Mercoledì 25 Aprile 2018, dalle ore 10, si terrà ad Anagni, in Piazza Giovanni Paolo II (ex Piazza della Pace, a fianco del Palazzo Comunale), la Festa della Liberazione organizzata dal Circolo di Rifondazione Comunista – Potere al popolo di Anagni, ricostituitosi da pochi mesi. Durante l’intera giornata si terranno varie iniziative che mireranno a sottolineare l’importanza e l’esigenza, ancora attuale, di conservare quella libertà che più di 70 anni fa fu riconquistata con il sacrificio dei partigiani e il popolo antifascista.
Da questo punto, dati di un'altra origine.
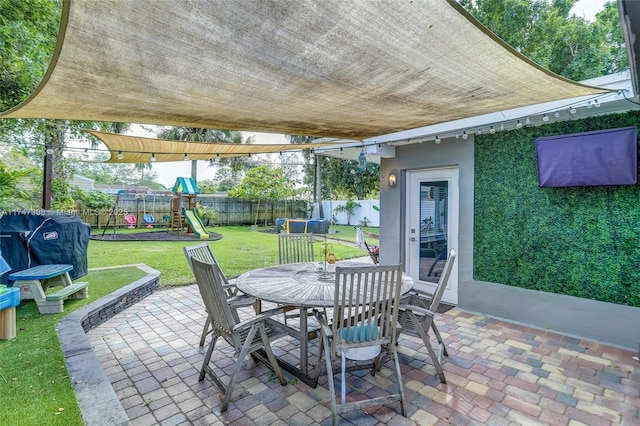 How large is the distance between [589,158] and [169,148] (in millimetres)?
5614

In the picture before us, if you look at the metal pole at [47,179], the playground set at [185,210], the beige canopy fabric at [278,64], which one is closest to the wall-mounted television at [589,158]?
the beige canopy fabric at [278,64]

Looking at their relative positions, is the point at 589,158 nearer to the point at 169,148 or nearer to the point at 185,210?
the point at 169,148

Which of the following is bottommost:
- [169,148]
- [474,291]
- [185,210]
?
[474,291]

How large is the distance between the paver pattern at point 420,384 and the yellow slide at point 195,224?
8716 mm

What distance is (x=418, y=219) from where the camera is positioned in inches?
238

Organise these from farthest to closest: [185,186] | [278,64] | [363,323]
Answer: [185,186], [363,323], [278,64]

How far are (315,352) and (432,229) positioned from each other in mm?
3295

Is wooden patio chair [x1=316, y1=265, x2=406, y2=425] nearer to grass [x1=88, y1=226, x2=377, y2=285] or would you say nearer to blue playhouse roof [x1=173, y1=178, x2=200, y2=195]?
grass [x1=88, y1=226, x2=377, y2=285]

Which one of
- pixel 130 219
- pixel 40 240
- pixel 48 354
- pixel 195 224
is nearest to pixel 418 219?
pixel 48 354

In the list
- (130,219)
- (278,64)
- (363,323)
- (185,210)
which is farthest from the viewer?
(130,219)

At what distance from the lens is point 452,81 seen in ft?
9.26

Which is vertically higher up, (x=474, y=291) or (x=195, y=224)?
(x=195, y=224)

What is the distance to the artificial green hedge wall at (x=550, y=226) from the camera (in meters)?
3.92

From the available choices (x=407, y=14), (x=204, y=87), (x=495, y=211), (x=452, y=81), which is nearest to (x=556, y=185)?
(x=495, y=211) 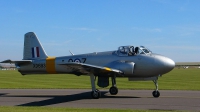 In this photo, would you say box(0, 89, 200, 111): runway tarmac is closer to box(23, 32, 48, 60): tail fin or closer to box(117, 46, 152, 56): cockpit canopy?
box(117, 46, 152, 56): cockpit canopy

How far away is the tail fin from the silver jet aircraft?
79 centimetres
In un comunicato del segretario del Circolo PRC di Anagni si legge: “Il PRC di Anagni ritiene che il 25 Aprile sia ancora un’occasione per guardare a quella libertà da conquistare, per non essere schiavi delle ingiustizie, della povertà, di una politica capitalista, liberista e antisociale. Libertà per i popoli che stanno soffrendo guerre e genocidi, mentre i mass-media al servizio dei poteri forti censurano quanto sta accadendo in Palestina, speculano sulle complesse questioni del conflitto siriano e, strumentalmente, non informano su quanto avviene in altre zone “calde” del mondo. Una Liberazione che riparta da quei valori espressi costituzionalmente che sono alcuni degli architravi della nostra Repubblica, ovvero il ripudio della guerra e l’antifascismo. Cercheremo di costruire quell’attenzione necessaria dando vita, dalle ore 11, ad un momento politico dove numerosi invitati daranno il loro contributo in questo senso, con l’adesione di diverse associazioni che si battono e sono sensibili a tali obiettivi”.
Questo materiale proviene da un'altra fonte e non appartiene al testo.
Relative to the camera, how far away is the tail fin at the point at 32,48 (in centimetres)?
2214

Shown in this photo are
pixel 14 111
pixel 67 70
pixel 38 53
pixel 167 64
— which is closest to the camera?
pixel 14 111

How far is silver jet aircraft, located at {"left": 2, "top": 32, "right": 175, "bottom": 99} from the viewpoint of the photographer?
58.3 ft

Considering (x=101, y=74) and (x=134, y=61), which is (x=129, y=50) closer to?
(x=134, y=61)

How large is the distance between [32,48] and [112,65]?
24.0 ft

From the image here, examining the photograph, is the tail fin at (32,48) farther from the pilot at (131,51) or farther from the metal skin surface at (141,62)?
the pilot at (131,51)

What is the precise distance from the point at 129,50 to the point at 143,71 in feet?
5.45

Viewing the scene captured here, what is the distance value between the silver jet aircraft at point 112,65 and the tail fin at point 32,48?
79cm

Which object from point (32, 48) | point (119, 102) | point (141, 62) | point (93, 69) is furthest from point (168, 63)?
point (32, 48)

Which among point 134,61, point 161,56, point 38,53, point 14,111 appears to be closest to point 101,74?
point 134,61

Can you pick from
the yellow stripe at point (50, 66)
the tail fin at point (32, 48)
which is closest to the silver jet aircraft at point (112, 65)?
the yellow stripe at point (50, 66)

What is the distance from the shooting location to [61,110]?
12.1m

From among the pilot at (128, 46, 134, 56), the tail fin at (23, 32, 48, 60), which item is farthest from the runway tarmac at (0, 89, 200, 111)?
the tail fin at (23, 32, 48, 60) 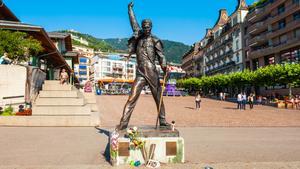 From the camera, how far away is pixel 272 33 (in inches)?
1966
All’incontro interverranno Nadia Ciardiello (Segretario del Circolo di Rifondazione Comunista – Potere al popolo di Anagni), Marina Navarra (della Segreteria Provinciale di Rifondazione Comunista), Viviana Cacciatori (Coordinatrice di Sinistra Italiana di Anagni), Peppe Palombo (del Partito Comunista d’Italia di Anagni), Mario Morsillo (Presidente della Federazione di Frosinone della Mezzaluna Rossa Palestinese), Francesco Notarcola (Presidente dell’Associazione Peppino Impastato di Frosinone), Roberto Rosso (della Rete per la Tutela della Valle del Sacco).